[Dataset excerpts]
┏━━

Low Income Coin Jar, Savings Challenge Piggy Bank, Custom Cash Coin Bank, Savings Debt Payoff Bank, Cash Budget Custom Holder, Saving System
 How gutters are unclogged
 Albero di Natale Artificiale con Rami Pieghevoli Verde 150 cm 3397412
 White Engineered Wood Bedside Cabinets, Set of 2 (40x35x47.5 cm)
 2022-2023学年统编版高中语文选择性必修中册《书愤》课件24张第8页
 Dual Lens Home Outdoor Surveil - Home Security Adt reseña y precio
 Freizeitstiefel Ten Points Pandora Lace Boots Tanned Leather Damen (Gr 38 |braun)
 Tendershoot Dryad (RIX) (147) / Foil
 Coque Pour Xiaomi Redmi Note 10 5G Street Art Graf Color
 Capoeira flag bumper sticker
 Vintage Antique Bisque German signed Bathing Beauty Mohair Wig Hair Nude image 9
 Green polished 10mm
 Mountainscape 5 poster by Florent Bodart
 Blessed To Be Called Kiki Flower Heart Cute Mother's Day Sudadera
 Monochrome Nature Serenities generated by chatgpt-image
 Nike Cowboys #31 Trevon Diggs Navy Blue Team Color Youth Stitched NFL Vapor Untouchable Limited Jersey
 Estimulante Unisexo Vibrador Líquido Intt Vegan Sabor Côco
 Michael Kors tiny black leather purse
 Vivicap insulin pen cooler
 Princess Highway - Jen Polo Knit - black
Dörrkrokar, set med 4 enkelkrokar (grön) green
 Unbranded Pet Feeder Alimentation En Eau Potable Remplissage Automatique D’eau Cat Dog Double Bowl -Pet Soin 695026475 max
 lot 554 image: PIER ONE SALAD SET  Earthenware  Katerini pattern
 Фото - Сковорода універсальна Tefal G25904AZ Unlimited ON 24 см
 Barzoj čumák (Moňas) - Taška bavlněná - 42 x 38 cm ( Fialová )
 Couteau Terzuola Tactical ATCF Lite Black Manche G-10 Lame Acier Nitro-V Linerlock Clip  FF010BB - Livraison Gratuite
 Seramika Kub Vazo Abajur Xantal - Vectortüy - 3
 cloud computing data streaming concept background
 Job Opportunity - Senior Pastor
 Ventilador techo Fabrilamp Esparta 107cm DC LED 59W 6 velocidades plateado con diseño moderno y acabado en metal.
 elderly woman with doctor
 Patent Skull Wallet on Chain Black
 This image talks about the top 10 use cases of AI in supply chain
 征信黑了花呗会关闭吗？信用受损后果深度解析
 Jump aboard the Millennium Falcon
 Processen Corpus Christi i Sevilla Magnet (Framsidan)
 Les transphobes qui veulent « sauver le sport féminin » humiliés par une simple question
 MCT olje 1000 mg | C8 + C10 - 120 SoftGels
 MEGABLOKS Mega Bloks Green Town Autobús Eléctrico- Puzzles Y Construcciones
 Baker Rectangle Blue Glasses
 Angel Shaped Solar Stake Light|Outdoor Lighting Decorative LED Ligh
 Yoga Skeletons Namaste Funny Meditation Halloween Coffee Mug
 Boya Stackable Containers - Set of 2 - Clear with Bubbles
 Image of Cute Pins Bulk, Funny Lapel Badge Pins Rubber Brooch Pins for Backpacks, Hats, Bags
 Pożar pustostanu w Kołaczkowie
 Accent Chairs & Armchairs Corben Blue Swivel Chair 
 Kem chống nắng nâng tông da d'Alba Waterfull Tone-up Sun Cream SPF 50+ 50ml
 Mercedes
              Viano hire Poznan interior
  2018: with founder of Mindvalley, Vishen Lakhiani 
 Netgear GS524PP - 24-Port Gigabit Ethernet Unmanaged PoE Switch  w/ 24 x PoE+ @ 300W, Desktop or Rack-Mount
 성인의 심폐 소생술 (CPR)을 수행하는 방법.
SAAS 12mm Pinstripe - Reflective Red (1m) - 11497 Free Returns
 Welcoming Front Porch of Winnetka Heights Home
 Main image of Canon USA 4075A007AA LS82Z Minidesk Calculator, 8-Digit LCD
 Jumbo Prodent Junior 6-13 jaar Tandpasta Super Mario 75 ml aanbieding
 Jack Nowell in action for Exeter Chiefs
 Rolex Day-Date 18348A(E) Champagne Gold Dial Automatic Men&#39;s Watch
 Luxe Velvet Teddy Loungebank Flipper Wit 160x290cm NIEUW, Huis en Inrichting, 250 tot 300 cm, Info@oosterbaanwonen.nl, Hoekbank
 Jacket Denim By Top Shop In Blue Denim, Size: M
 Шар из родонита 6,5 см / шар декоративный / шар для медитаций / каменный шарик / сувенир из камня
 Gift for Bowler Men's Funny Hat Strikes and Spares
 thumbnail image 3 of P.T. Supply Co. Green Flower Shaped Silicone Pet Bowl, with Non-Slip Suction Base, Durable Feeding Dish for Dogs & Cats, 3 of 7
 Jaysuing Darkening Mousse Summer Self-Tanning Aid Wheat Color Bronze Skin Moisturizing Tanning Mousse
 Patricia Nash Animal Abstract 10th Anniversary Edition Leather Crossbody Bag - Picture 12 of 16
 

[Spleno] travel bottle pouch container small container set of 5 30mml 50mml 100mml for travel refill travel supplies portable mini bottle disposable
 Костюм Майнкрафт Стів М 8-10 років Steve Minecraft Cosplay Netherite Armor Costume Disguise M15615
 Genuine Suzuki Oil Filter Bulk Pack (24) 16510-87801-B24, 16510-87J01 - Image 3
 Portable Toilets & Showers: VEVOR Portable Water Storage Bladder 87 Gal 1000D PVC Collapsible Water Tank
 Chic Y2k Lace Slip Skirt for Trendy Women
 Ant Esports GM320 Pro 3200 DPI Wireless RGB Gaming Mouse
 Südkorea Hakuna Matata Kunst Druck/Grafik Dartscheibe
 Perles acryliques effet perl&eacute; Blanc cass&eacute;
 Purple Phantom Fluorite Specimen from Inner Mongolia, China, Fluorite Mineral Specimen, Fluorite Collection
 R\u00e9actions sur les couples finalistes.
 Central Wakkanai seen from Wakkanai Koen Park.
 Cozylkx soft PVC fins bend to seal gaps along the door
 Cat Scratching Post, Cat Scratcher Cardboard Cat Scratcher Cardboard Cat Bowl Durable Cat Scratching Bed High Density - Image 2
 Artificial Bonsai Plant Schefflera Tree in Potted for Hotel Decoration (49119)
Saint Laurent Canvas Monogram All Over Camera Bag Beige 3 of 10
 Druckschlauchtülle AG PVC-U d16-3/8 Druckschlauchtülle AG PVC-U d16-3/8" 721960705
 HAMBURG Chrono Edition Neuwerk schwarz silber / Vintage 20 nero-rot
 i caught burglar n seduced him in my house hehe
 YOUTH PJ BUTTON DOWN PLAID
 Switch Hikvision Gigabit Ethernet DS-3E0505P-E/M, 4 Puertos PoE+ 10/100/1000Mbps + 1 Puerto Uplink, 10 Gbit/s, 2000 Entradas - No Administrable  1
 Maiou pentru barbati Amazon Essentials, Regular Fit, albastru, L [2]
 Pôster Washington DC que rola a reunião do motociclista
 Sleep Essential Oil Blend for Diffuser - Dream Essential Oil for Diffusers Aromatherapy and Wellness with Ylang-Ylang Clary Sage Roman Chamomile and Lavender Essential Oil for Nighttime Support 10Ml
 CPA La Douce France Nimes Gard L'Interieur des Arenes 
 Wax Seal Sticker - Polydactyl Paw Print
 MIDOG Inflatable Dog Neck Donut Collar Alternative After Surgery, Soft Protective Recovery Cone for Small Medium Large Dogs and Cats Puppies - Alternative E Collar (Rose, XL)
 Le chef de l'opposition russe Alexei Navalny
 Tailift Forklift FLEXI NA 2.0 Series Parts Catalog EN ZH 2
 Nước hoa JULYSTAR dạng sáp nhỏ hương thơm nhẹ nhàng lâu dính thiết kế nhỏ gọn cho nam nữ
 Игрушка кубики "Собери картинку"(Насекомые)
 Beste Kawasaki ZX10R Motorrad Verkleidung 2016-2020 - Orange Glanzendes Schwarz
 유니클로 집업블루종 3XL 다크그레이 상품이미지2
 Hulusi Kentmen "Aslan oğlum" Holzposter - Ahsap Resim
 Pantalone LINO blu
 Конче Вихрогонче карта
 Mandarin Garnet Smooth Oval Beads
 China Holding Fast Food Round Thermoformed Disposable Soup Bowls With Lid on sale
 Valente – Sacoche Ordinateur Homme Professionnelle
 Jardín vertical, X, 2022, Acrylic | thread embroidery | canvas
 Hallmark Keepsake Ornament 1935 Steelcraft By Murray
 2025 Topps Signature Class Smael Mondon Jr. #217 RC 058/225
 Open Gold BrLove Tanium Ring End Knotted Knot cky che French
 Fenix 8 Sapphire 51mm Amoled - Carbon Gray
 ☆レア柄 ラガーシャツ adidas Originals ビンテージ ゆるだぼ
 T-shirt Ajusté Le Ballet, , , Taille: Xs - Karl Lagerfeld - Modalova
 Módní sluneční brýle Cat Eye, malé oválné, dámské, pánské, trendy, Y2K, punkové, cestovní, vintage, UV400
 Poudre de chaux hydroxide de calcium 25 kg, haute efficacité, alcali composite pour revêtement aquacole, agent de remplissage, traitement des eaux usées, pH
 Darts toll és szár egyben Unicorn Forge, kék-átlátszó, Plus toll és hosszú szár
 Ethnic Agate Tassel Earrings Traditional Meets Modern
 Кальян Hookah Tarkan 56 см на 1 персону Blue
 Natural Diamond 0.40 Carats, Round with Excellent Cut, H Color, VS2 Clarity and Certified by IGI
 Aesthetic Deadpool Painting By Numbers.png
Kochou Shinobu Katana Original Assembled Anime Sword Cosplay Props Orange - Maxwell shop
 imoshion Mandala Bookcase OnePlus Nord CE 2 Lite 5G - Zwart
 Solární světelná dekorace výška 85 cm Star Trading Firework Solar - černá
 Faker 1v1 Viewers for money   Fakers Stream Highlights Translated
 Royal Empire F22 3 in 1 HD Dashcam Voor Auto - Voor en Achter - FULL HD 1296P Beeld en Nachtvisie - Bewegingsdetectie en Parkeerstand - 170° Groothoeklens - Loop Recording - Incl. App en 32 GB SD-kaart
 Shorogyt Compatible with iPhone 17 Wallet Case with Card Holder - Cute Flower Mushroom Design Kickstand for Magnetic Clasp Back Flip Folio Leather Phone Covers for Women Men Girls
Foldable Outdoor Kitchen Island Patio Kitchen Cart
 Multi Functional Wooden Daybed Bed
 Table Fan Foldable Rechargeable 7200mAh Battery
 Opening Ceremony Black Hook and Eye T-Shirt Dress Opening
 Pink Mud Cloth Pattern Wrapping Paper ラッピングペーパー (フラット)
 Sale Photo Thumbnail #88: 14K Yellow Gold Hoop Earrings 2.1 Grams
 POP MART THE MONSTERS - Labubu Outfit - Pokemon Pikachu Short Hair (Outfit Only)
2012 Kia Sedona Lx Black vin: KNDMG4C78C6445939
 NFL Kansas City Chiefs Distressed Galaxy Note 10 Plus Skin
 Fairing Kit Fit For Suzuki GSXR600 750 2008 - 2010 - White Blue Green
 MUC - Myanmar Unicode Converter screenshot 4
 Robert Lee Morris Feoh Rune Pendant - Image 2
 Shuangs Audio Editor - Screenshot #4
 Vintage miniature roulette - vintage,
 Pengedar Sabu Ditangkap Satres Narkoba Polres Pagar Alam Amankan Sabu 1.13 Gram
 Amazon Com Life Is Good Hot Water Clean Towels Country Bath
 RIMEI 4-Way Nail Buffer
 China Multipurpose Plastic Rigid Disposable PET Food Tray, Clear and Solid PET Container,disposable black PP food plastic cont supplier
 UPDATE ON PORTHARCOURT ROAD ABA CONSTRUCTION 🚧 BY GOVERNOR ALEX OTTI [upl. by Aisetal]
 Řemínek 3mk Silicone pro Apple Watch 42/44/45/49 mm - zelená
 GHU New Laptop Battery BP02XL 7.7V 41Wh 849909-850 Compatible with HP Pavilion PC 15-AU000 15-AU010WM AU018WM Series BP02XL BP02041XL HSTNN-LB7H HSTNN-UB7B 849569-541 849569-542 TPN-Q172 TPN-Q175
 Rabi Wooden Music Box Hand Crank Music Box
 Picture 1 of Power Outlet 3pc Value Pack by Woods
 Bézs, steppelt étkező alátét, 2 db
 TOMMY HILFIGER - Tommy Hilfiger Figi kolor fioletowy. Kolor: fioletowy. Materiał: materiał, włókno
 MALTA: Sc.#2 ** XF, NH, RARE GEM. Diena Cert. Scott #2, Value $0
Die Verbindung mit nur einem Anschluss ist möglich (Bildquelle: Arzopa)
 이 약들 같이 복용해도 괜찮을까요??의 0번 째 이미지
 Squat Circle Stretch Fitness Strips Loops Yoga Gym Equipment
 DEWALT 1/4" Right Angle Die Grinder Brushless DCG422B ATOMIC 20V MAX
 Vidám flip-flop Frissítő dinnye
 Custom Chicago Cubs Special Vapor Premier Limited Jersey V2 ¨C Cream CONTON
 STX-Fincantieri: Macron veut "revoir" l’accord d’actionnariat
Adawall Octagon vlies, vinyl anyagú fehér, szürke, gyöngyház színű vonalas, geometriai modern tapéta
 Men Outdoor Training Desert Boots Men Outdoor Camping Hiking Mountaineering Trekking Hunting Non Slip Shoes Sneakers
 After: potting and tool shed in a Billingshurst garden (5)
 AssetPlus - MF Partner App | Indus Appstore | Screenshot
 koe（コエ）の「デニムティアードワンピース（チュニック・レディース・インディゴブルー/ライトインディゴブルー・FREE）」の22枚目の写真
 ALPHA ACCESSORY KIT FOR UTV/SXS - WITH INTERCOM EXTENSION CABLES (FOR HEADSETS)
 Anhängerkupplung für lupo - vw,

┗━━

WHAT THE TASK ASKS: The answer must be all the lines above that hold the word "Holder".

ANSWER SECTION:
Low Income Coin Jar, Savings Challenge Piggy Bank, Custom Cash Coin Bank, Savings Debt Payoff Bank, Cash Budget Custom Holder, Saving System
 Shorogyt Compatible with iPhone 17 Wallet Case with Card Holder - Cute Flower Mushroom Design Kickstand for Magnetic Clasp Back Flip Folio Leather Phone Covers for Women Men Girls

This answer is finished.